These are a few of my choicest ones for assorted HP handhelds (no SHARPs on sight):

**HP-25:**
WHAT: Numerical solution of 1st-order Differential
Equations using a 3rd-order Runge-Kutta method

WHY: Because at the time, it seemed next to impossible
to fit such a program on the meager HP-25's 49 steps,
having to call your f(x) three times with different
arguments and returning to different locations
in a machine without GOSUB capability, while still
leaving enough free steps to define your f(x).

My approach was clever enough that it inspired my
close friend Fernando del Rey to try and improve it
to a 4th-order RK method, which succeeded in
calling f(x) *four* times, and still left 10 steps
or so for your f(x). To this day I still consider
it the most amazing program I've ever seen.

**HP-67:**

WHAT: Elliptical Filter Design

WHY: Elliptical Filters were superior to any other
standard filters in that they can be of lower degree
for a given specs, as they do have true minimax
properties. Designing them requires elliptic
trigonometric functions (instead of the usual
circular ones) and computing them with the required
accuracy and fast enough was a real challenge in the
slow HP-67's 224 steps. I had to design quite clever
algorithms to accomplish it all, but in the end
my program would compute high-pass, low-pass,
band-pass and band-stop elliptic filters, would
compute the zeros and poles and would plot the
graphics and all other data relevant to the design.

**HP-41C:**

WHAT: 8x8 Othello (aka Reversi) game, the user playing
against the HP-41C, which played a reasonably
challenging game at a reasonably fast speed, while
graphically printing the board, checking your moves
for legality, being able to play against itself,
and finally announcing the winner.

WHY: Because at the time noone had attempted to program
such a complicated board game on a 41C. It required
several Memory Modules (no Quad Module or 41CV then)
and extremely impressed everyone who saw it, so much
so that local HP used it to increase sales at local
trade shows, as a demo, and it finally got to the
hands of HP Corvallis, who where equally impressed.
They wrote me a letter telling me so, and asking
for my written permission to use and publish it
as they saw fit, which I obligued. They then wrote
a second 'thankyou' letter including a printed
'Outstanding Achievement' Diploma, redeemable for
some expensive 41C peripherals. I still keep it.
'Othello' was also a sensation when I submitted
it for publication in the legendary Australian
PPC Technical Notes, where it appeared. Oddly, it
had been previously submitted to PPC proper, but
Richard Nelson gave it a miss.

**HP-12C:**

WHAT: Trigonometric functions package

WHY: Because noone else had written an acceptable
package which implemented all six trigonometric
functions for the HP-12C under serious, strict
requirements of accuracy and speed.

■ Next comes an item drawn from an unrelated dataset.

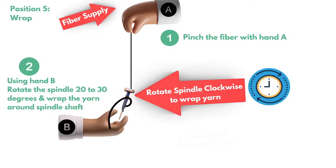When the yarn gets really long, how do you put it onto the spindle? Rotate the spindle 20 to 30 degrees — just a slight shift, not straight up and down. Then take your non-dominant hand and wrap the yarn around the shaft clockwise. Then rinse and repeat to create more yarn.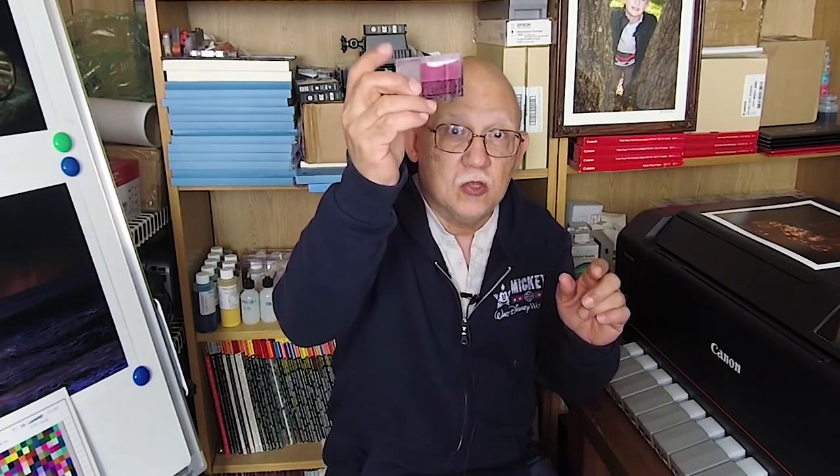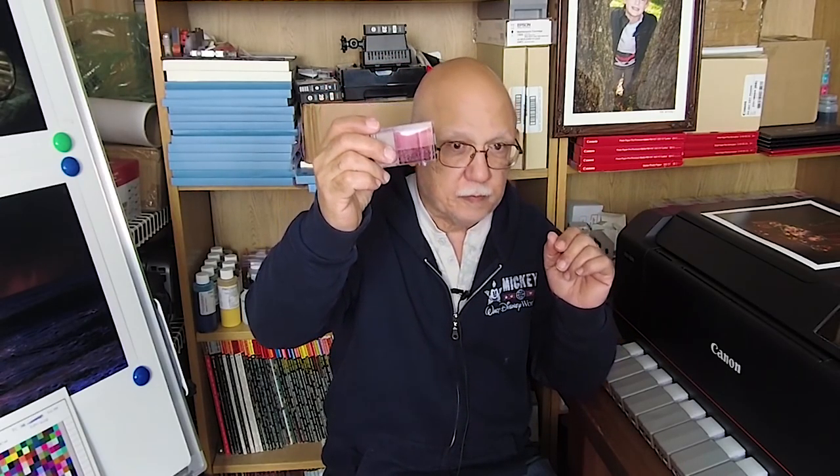If you are already printing and the printer permitted you to begin even though you might run out of ink, it will simply stop midway. You remove the cartridge, pop a new one in, and it will continue to print. But don't be tempted to squeeze out that last drop. The sponge is designed to hold a reserve of ink even after the chip declares empty — that is insurance ink. That ink keeps the channel for that color from overheating.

Some people had
tried before and after, but hastily and carelessly
implementing a bunch of run-of-the-mill Taylor
Series expansions doesn't quite cut it and is bound
to offer poor accuracy and unacceptable running times
or even outright errors for large arguments or
arguments near extremes, i.e.: it's not the same
computing arc tan(100000000) than arc tan(1), and
it's not the same computing arc sin(0.99999) than
arc sin(0.1). My program succeeds in delivering
accurate results for extended ranges at the fastest
speeds and it does so for all six functions in a
single 99-step program.

WHAT: Polynomial root finder and evaluator

WHY: Because this very small, 37 step program, succeded
in using the financial functions available in the
HP-12C well above and beyond their intended uses
to provide the best and fastest polynomial root
finder and evaluator among all Voyager series
models (HP-15C included) and even faster than any
pure RPN programs for the HP-41C. It could find
any and all real roots of an Nth-degree polynomial,
without any iterations in user code, and it could
directly evaluate the polynomial for some given
arguments, also without using any user code loops.

**HP-15C:**

WHAT: Computing E up to 208 digits

WHY: I haven't written that many programs for the HP-15C
but this I consider particularly worthy. While it
is possible to compute E to more than 400 digits
on the 15C, my program was intended to do it using
matrix functions and matrix techniques, as a way
of demonstrating what they could do. So, it made
a good use of matrix addition to update the running
total, and a novel use of the matrix Frobenius Norm
operation to detect termination, as well as scalar
matrix division to normalize the final result. You
don't see matrix operations being used like this
that often.

**HP-71B:**

WHAT: Chess - Solving mate problems in N moves

WHY: Because it actually solved any chess problem of the
'White to play and mate in N moves' kind, in pure
BASIC with no help from assembly language routines,
using the powerful technique of *recursive* user
defined functions that HP-71B's ultra-advanced BASIC
language allows. There's also a neat trick on my part,
defining and using variables *local* to the functions,
which is something apparently not possible. The
resulting program is quite complex, implements a
full legal-move generator and recursive move-tree
generator and evaluator and works for any number
of moves N, subject only to time and memory constraints.

WHAT: Scramble

WHY: Because it implements a really challenging and
enjoyable *video* game on the smallish HP-71B display.
It uses a number of commands contained in my 4 Kb
compilation of LEX words and succeeds in creating
a very entertaining game in just a dozen lines of
BASIC, with several levels of difficulty and an
assortment of tunnels and obstacles that the user
can add to easily, for extra-fun.